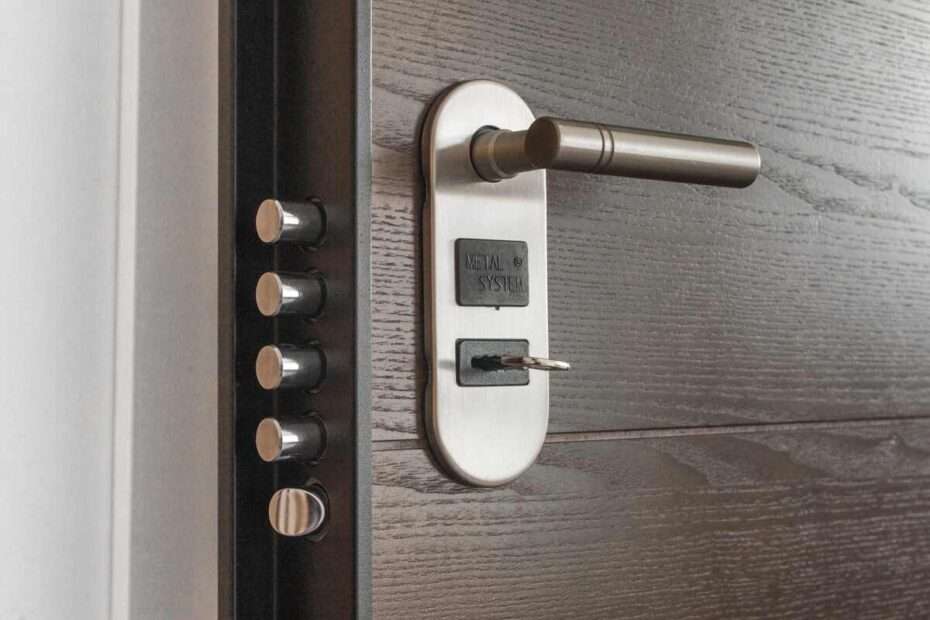 Does Your Landlord Have To Pay For Locksmith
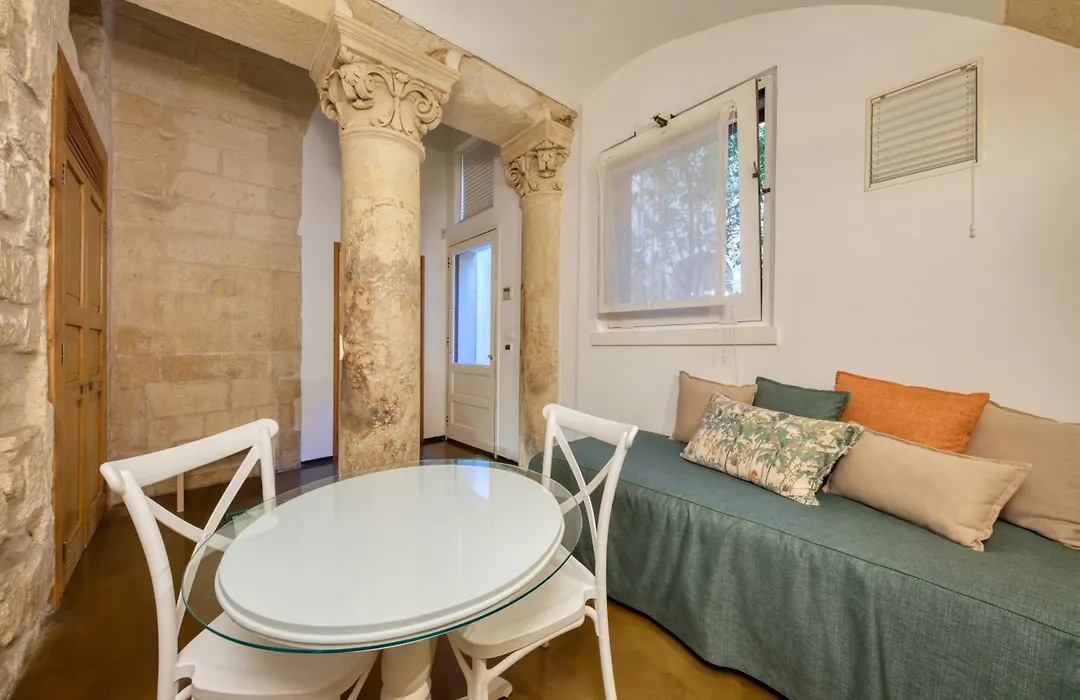 B&B Palazzo Persone Dimora Storica-1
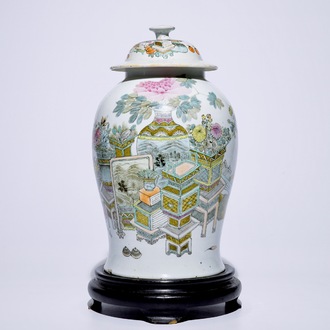 A Chinese qianjiang cai vase and cover with "100 antiquities" design, 19/20th C.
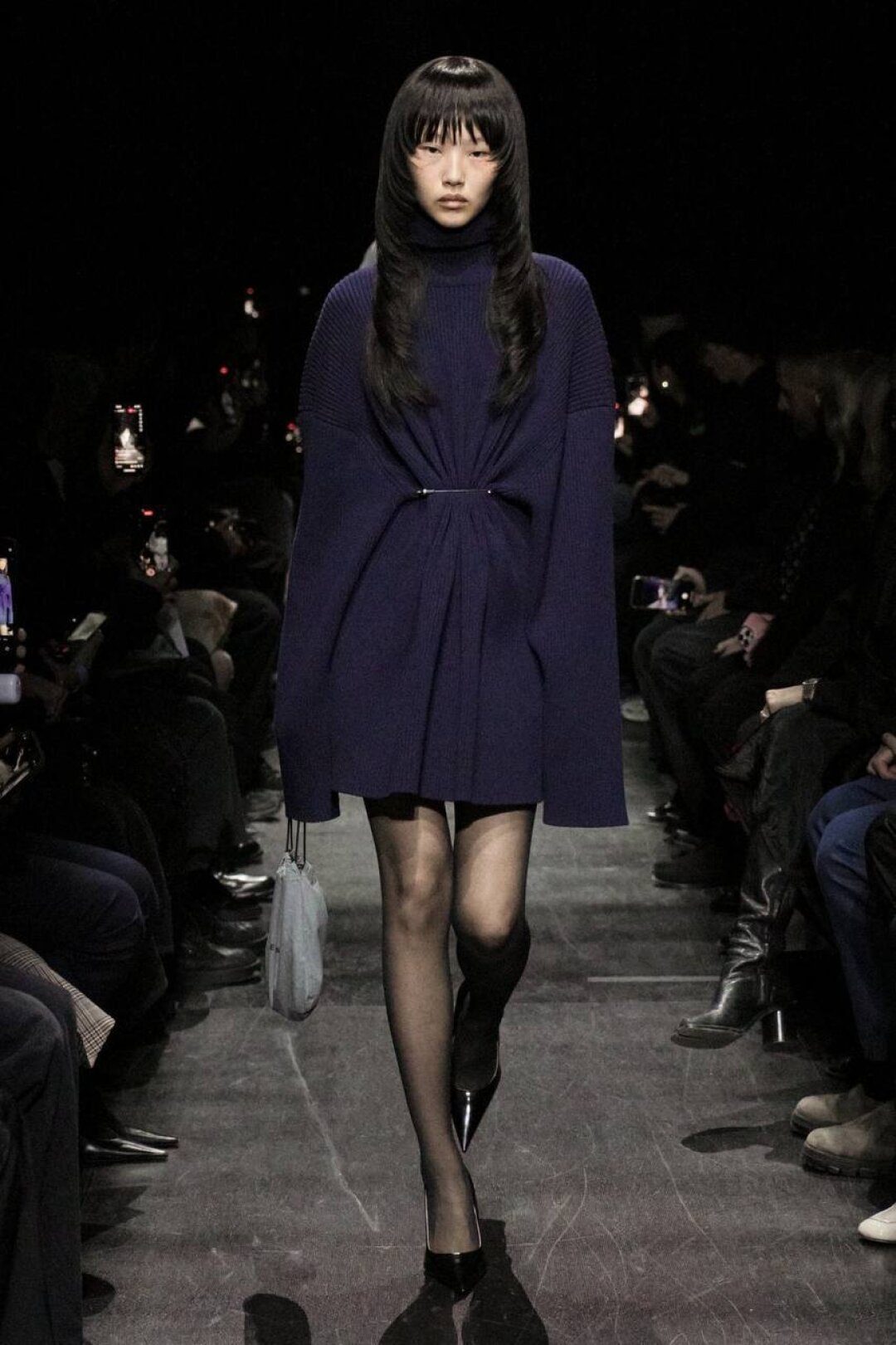 Велик свитер — не проблема: по примеру показа закалываем спереди все лишнее булавкой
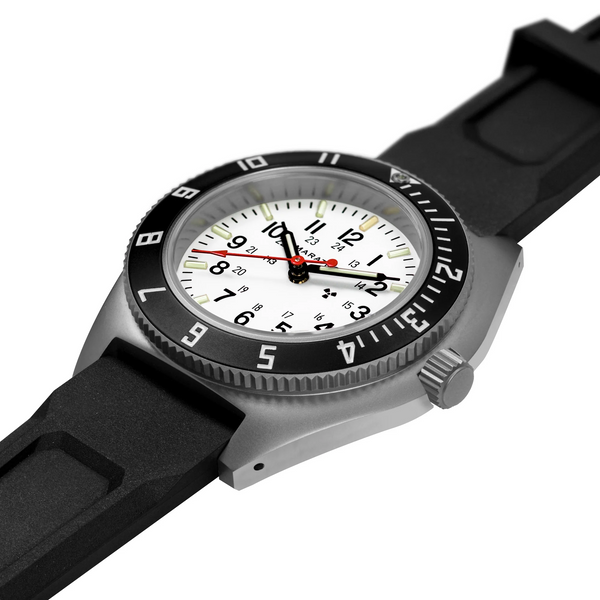 Marathon WW194013SS-0530 SSNAV-D 41mm Arctic Steel Navigator Marathon WW194013SS-0530 SSNAV-D 41mm Arctic Steel Navigator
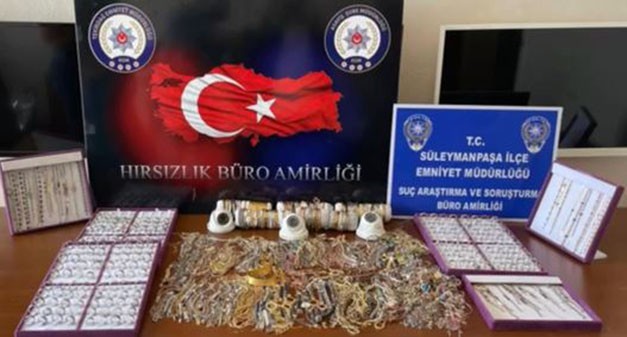 Tekirdağ’ın Süleymanpaşa ilçesinde işyerinden 150 bin lira değerindeki takıları çalan hırsızlar, sopalarla kendilerini görüntüleyen güvenlik ...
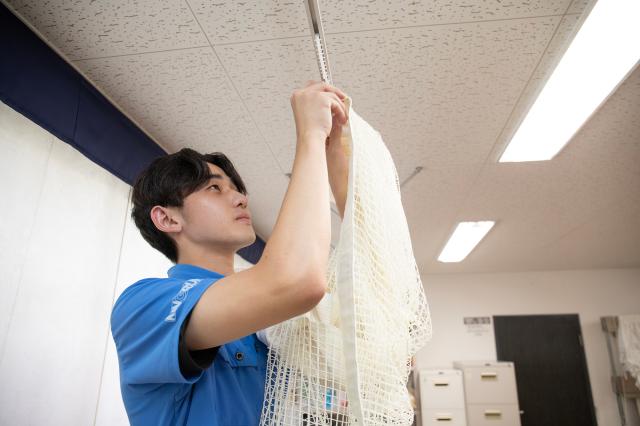 【病院・福祉施設でのカーテン交換スタッフ／正社員】◆未経験者歓迎◆土日祝休み◆定時退社OK◆病院・福祉施設でのカーテン交換スタッフ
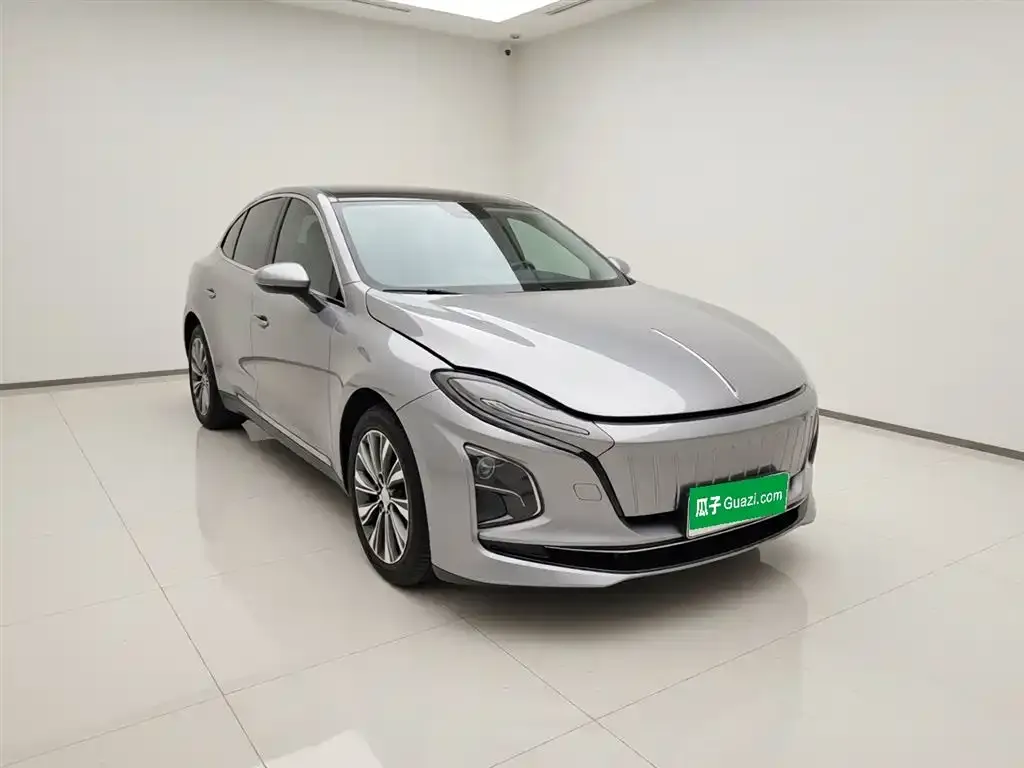 Hongqi E-QM5 2023 из CN, фото 3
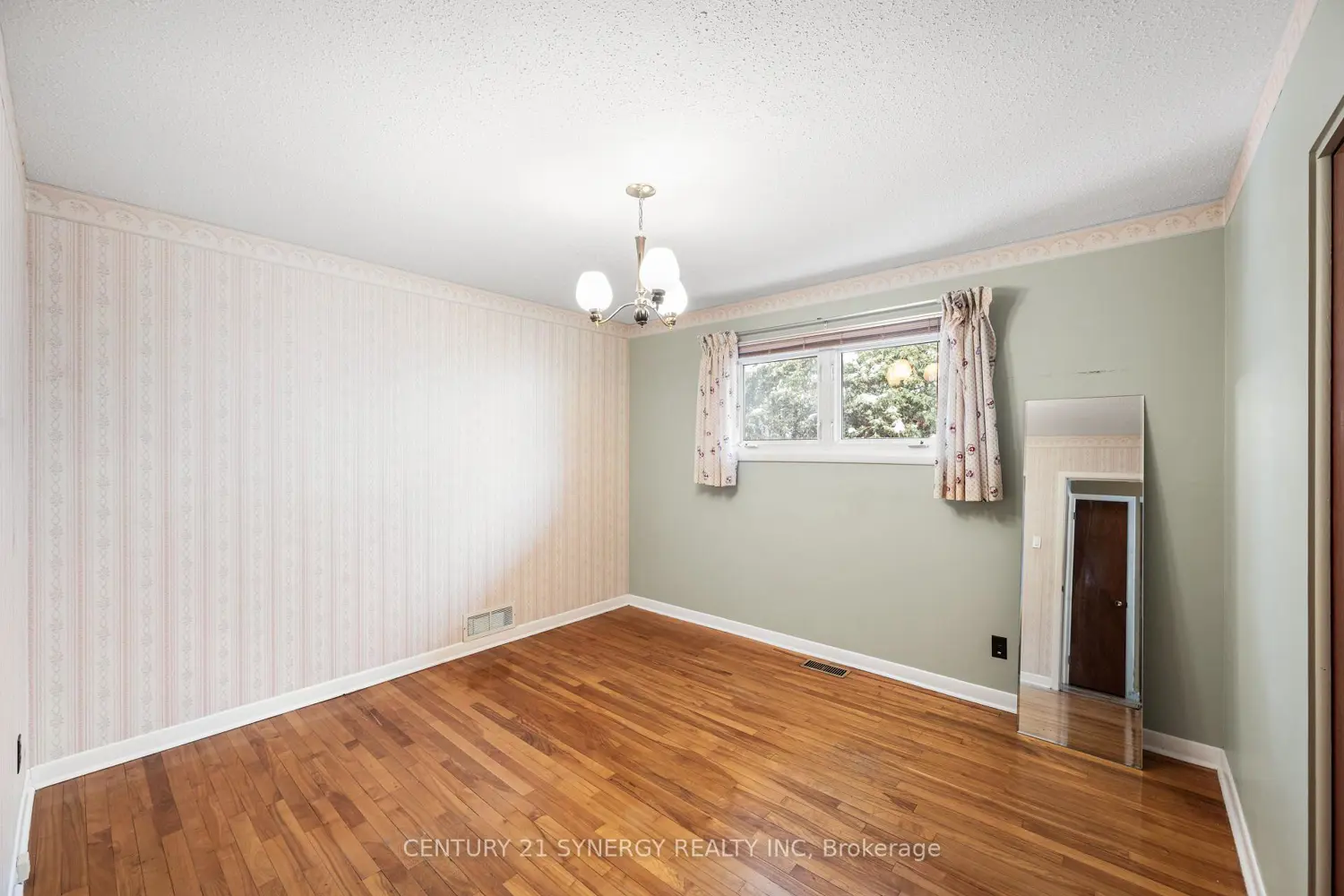 Additional image 13 of 2414 Joliffe Street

# # #

### Task item
Beginning with the line with "A Chinese qianjiang", repeat the entries above exactly, up to and including the last line, leaving out pictures.

### Problem solution
 A Chinese qianjiang cai vase and cover with "100 antiquities" design, 19/20th C.
 Велик свитер — не проблема: по примеру показа закалываем спереди все лишнее булавкой
 Marathon WW194013SS-0530 SSNAV-D 41mm Arctic Steel Navigator Marathon WW194013SS-0530 SSNAV-D 41mm Arctic Steel Navigator
 Tekirdağ’ın Süleymanpaşa ilçesinde işyerinden 150 bin lira değerindeki takıları çalan hırsızlar, sopalarla kendilerini görüntüleyen güvenlik ...
 【病院・福祉施設でのカーテン交換スタッフ／正社員】◆未経験者歓迎◆土日祝休み◆定時退社OK◆病院・福祉施設でのカーテン交換スタッフ
 Hongqi E-QM5 2023 из CN, фото 3
 Additional image 13 of 2414 Joliffe Street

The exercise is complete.